The travel behavior inventory conducted in the Denver region (1997) obtained
a count on the number of (paid and volunteer) jobs a person had. The data
implied about 7.5% of the employed household population had 2 or more jobs.
Some reported as many as 4 other jobs. While clerical employees were the
largest group with second jobs, none reported more than 1 additional job.
Those employed as "professionals" accounted for 46% of the employed with 2
or more other jobs (3+ totals jobs).
-----Original Message-----
From: David Abrams [mailto:dabrams@mrgcog.org]
Sent: July 08, 2002 4:28 PM
To: 'Chuck Purvis'; ctpp-news(a)chrispy.net
Subject: RE: [CTPP] Changes in Workers per HH and Vehicles per HH
(long po st)
Albuquerque (not one of your 36 largest MSAs) also had a decline in workers
per household from 1.235 to 1.188. We looked at the employment number
compared to the employment data coming from the Department of Labor.

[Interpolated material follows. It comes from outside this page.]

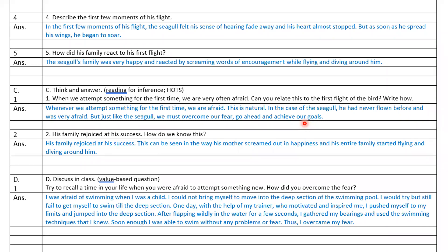Question two: His family rejoiced at his success — 'rejoice' means to be very happy. How do we know this? Answer: His family rejoiced at his success. This can be seen in the way his mother screamed out in happiness. His entire family started flying and diving around him, which shows that they were quite rejoiced.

We
found that the number of workers (326,775) was somewhat less than the NMDOL
estimate of Nonagricultural Employment (354,883). The NonAg number does not
count agricultural or self-employment both of which are included in the
number of workers (employed residents). In 1990, the number of workers
reported by the Census exceeded the estimate of NonAg employment. We are
thinking that there may be a major increase in persons working two jobs. If
this is more widespread than Albuquerque it could have considerable
consequences. To my knowledge there is not data collected on workers
working multiple wage jobs.
A question for Chuck Purvis: Did you control for the change in household
size when you compared the workers to households ratios for 1990 and 2000.